Leeds admits that each homeowner can’t grow everything they need, so she is encouraging them to share or trade what they grow with their neighbors.

“We can become more inter-connected,” said Leeds, who stresses that Transition is not a political movement. “Whether you’re a Republican or a Democrat, it’s about making it so you and your family can feed yourself and be able to subsist.”

Growing up in Laguna Beach, Leeds’ first job was at The Stand, a natural foods restaurant on Thalia Street. It was there that she first started to question where her food was coming from.

While living in Peru as an exchange student and traveling throughout Europe after college, Leeds said she “saw the relationship between people and the land.”

Leeds served as education director for the Laguna Canyon Foundation for seven years. During that time, she wrote a curriculum with California Standards that allowed students to come in the park to learn about food chains and food webs.

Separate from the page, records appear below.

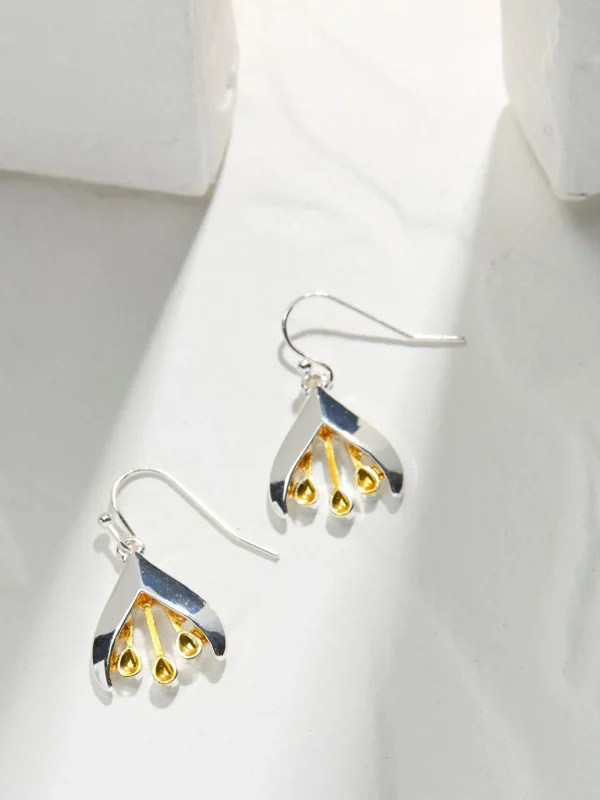 Silver Tone Tulip Drop Earring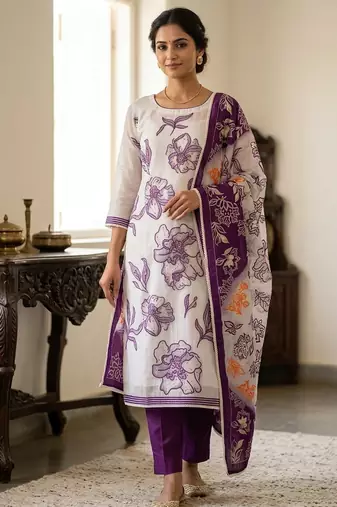 Off white color banarasi cotton fabric designer ethnic partywear suit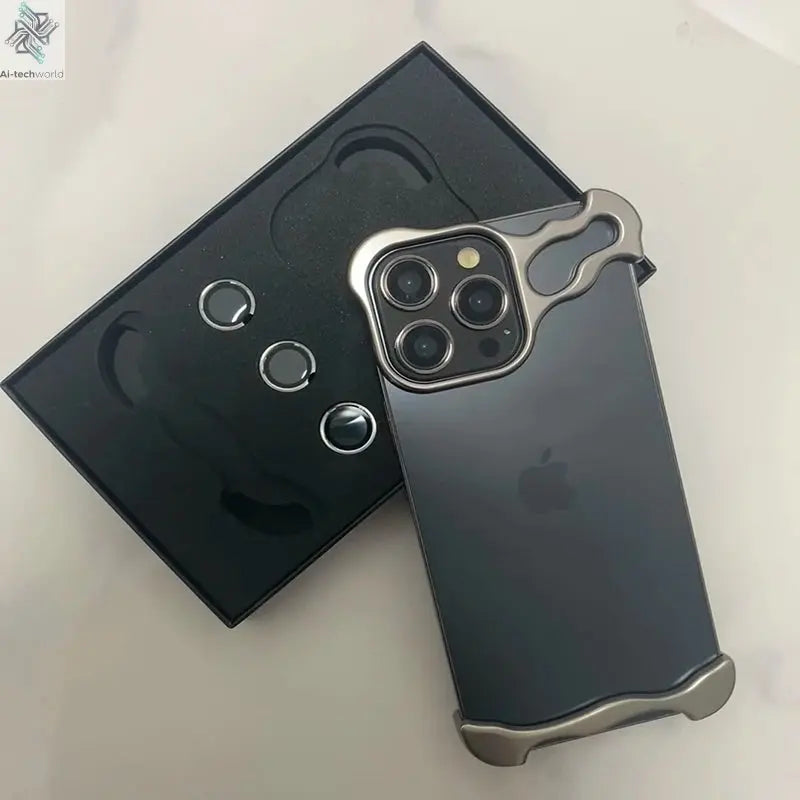 Luxury Irregular Aluminum Alloy Bumper Phone Case For IPhone 16 15 14 13 12 Pro Max 17 Air Pro Lens Film Protection Metal Cover Ai-TechWorld 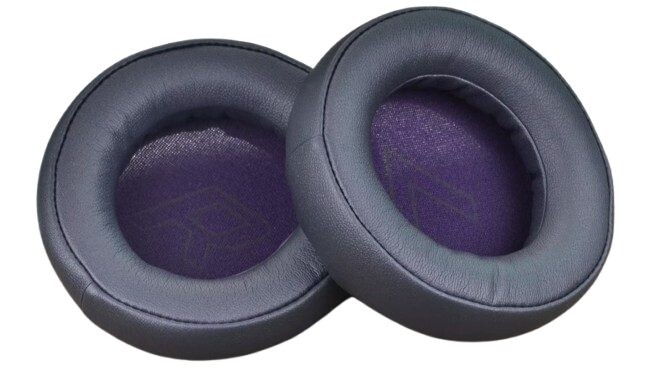 Náhradné náušníky pre slúchadlá Plantronics backbeat GO600 - čierne s fialovým vnútrom, kožené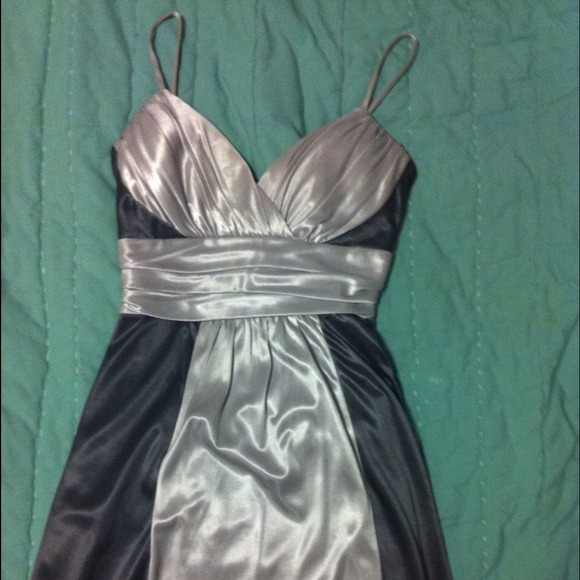 Dark Green/Silver Silk Dress - Picture 1 of 1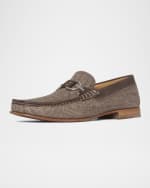 Image 2 of 5: Donald Pliner Men's Dacio Woven Leather Bit Loafers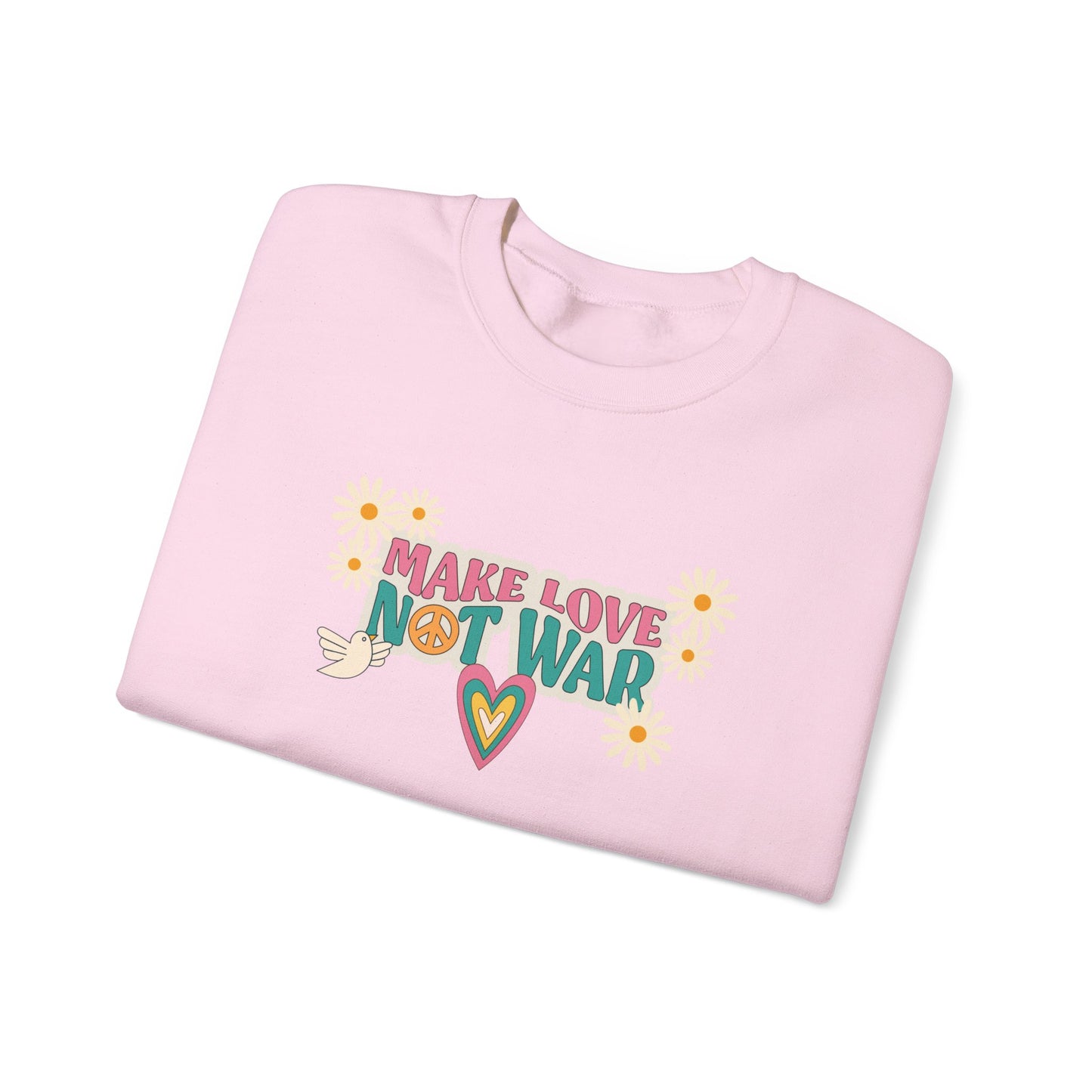 Love Not War Heart Unisex Heavy Blend™ Crewneck Sweatshirt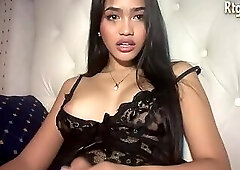 stunning trans cutie in sexy lingerie wanks on webcam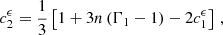 $$ \begin{aligned} c_2^\epsilon = \frac{1}{3} \left[1 + 3 n \left(\Gamma _1-1\right) - 2 c_1^\epsilon \right] \, , \end{aligned} $$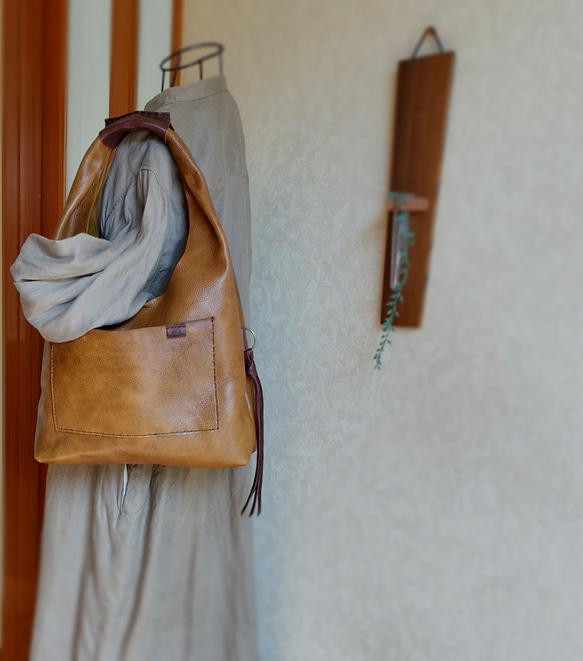 【受注制作】one shoulder bag　マスタード✗ダークブラウン　オイルシュリンクレザー 12枚目の画像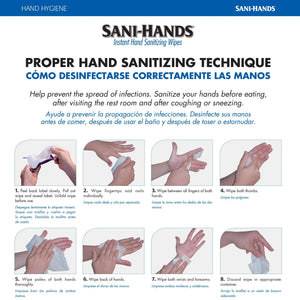 Sani-Hands Hand Sanitizing Wipes, Ethyl Alcohol, Scented, 5½ x 8.4 Inch Soft Pack Sani-Hands®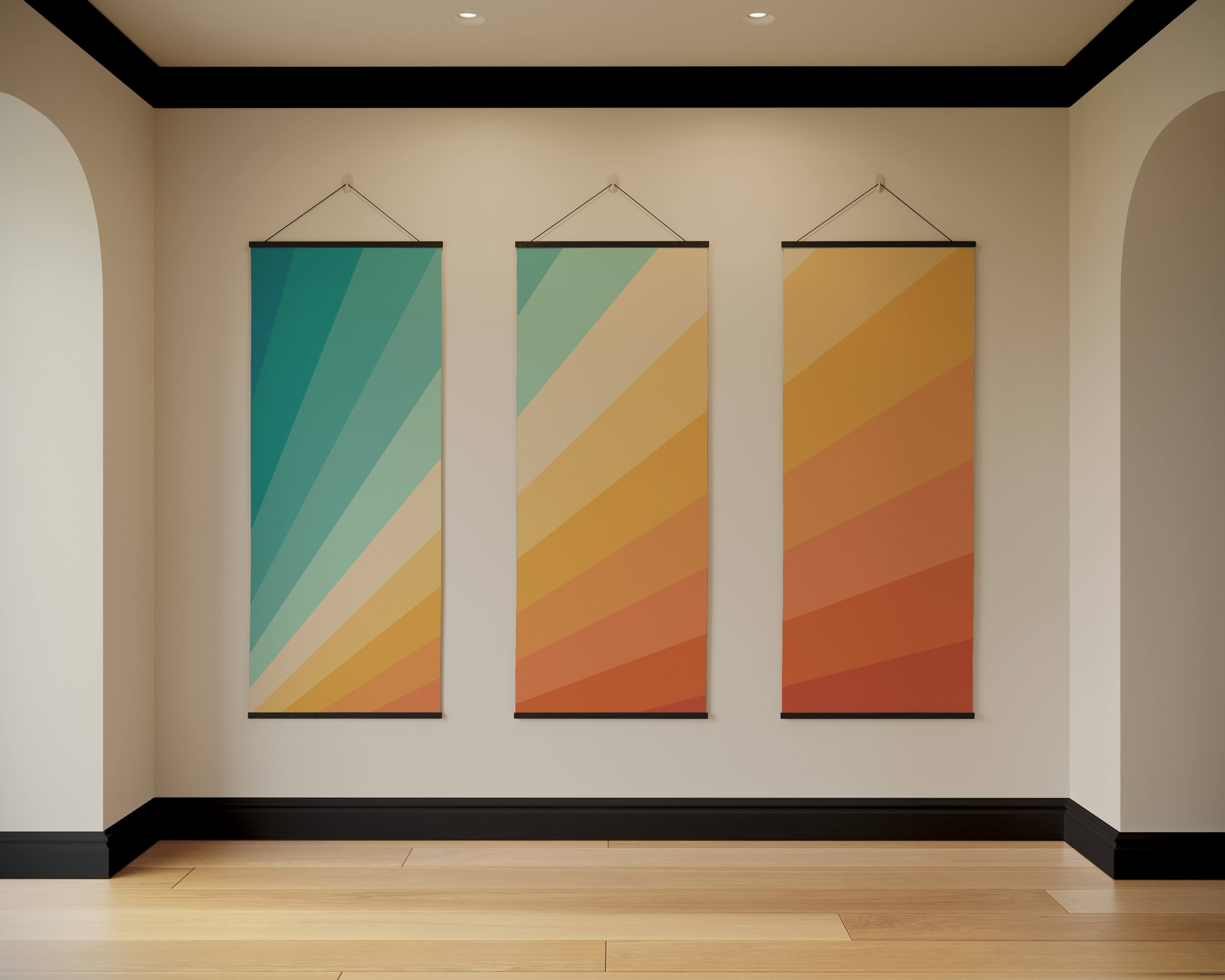 Three vertical canvas panels forming a sunbeam tapestry with diagonal gradient stripes in teal orange and yellow hues
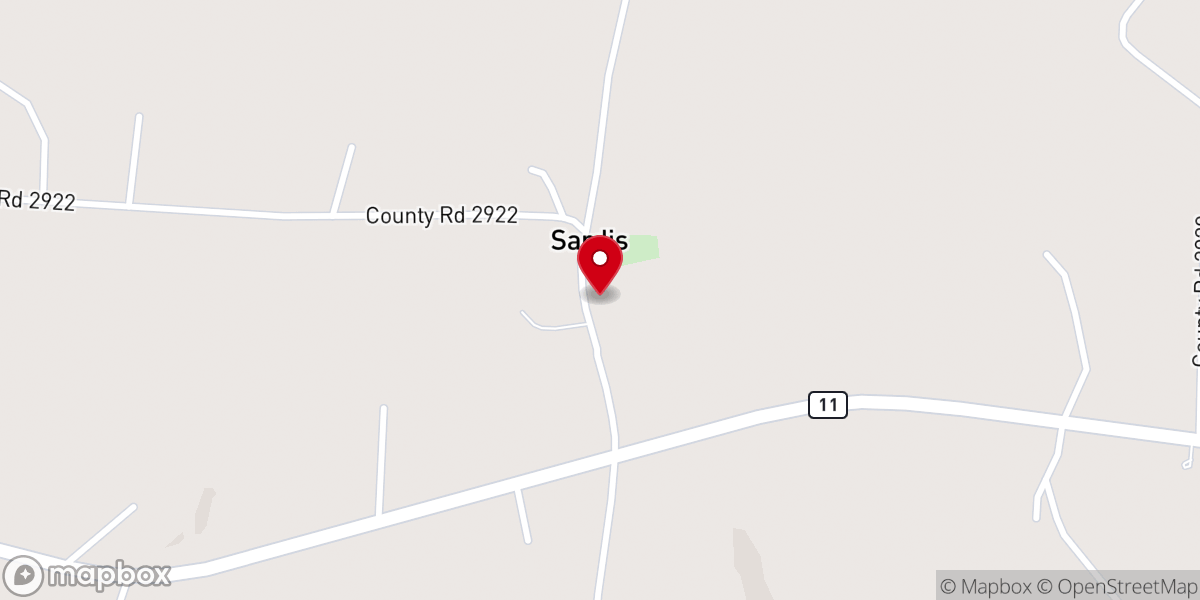 Map showing location of Hopewell Missionary Baptist Church
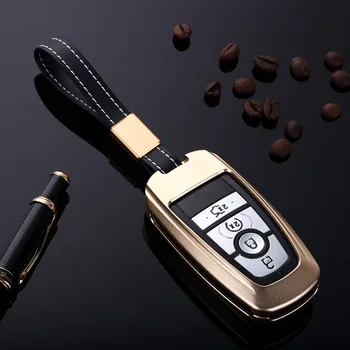 

Aluminum alloy Car Key Case Keyless Entry Remote Shell Cover Holder Keychain for Ford Fusion Mondeo Edge Expedition Accessories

This program is still being used for schools who visit the park.

Six years ago, Leeds became involved with Transition Laguna Beach and still attends many of their activities.

“Members help each other re-learn skills that have been forgotten for generations, as well as provide a network of friendships that make each family stronger and well-supported,” she said.

The Transition Movement emerged from the Kinsale Energy Descent Plan, which was developed in 2005 by educator Rob Hopkins and his students at the Kinsale Further Education College in Ireland. It was the first strategic community planning document of its kind, looking at creative adaptations in food, farming, education, economics and health.

In 2006, Hopkins took his work to the community when he started the first Transition town in Totnes, England. The movement quickly spread around the world as other communities copied the model.

In addition to starting Transition Aliso Viejo, Leeds is helping residents of Irvine to start the movement there.

“I have a longing for a sense of deep connection to others in our community where people work together,” Leeds said. “Everyone has different gifts that they can offer. That’s what makes community.”